▸ GOAL OF THE EXERCISE
Write the listing below out again word for word, without a single picture.
○ ○ ○ ○ ○
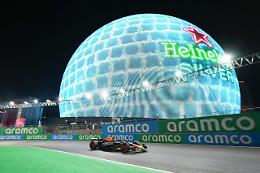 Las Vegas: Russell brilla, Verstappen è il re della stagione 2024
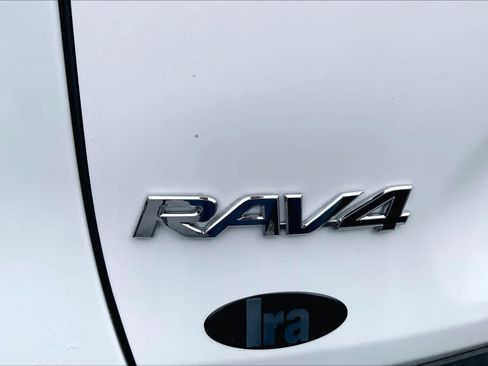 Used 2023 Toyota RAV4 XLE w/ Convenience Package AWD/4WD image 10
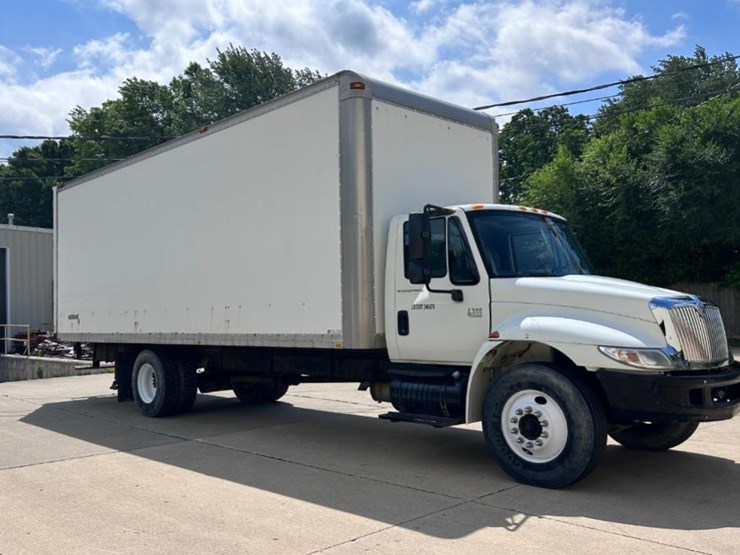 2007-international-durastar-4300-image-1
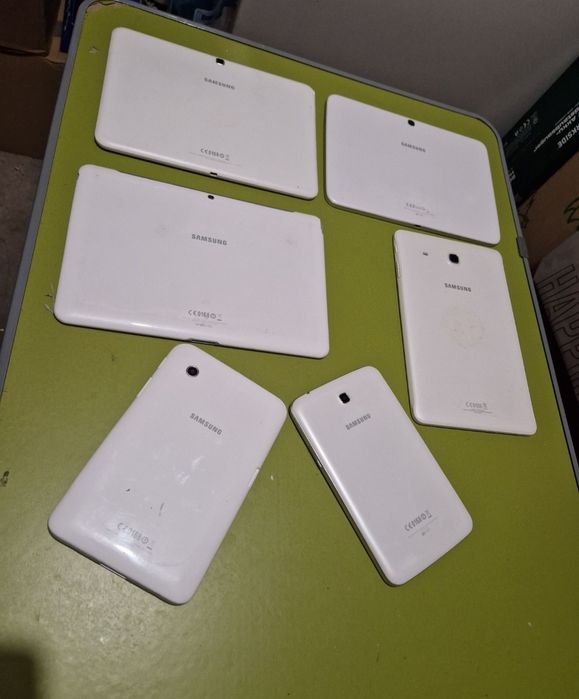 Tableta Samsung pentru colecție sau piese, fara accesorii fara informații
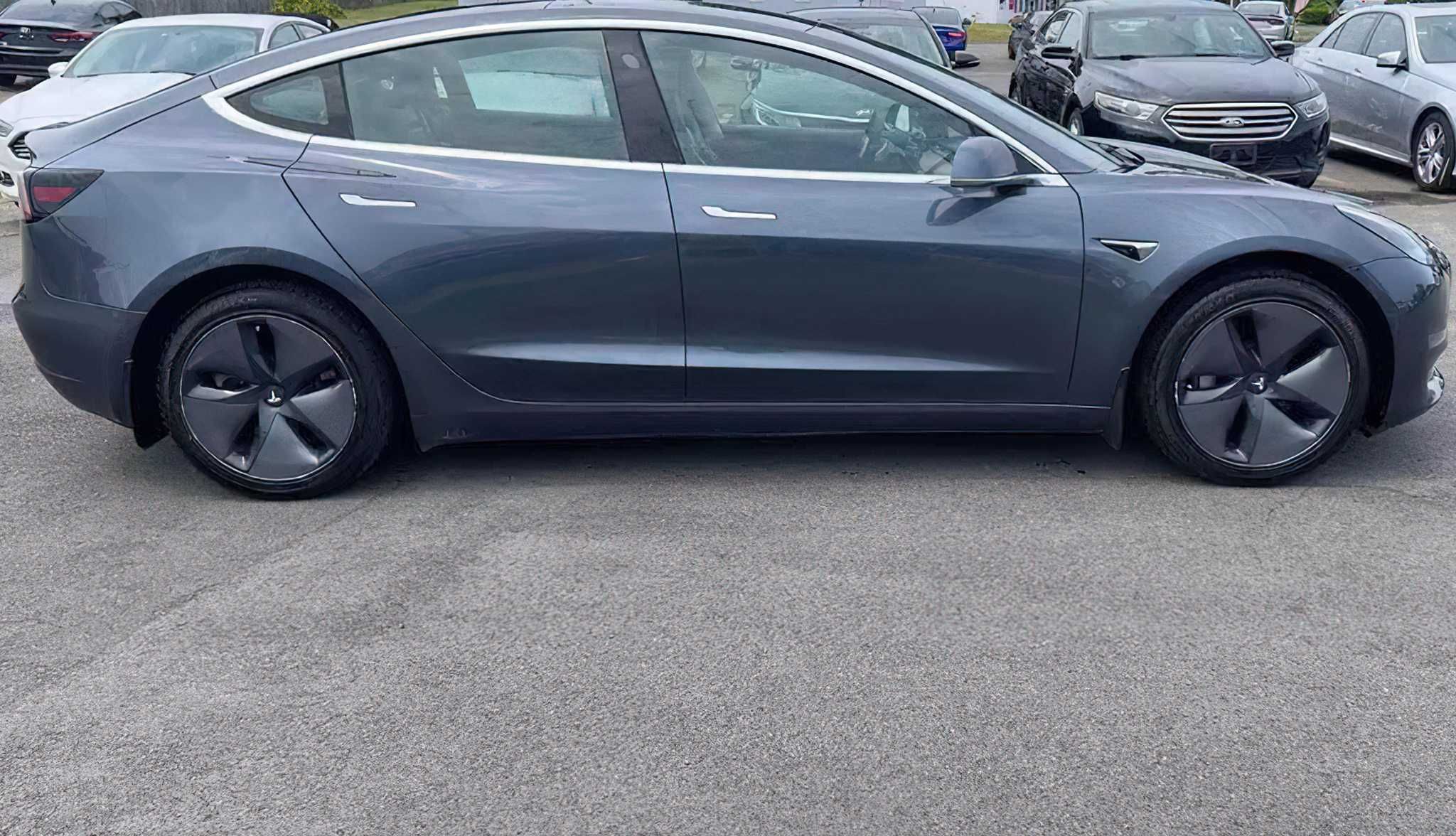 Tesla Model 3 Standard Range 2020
○ ○ ○ ○ ○
▸ EXERCISE SOLUTION
 Las Vegas: Russell brilla, Verstappen è il re della stagione 2024
 Used 2023 Toyota RAV4 XLE w/ Convenience Package AWD/4WD image 10
 2007-international-durastar-4300-image-1
 Tableta Samsung pentru colecție sau piese, fara accesorii fara informații
 Tesla Model 3 Standard Range 2020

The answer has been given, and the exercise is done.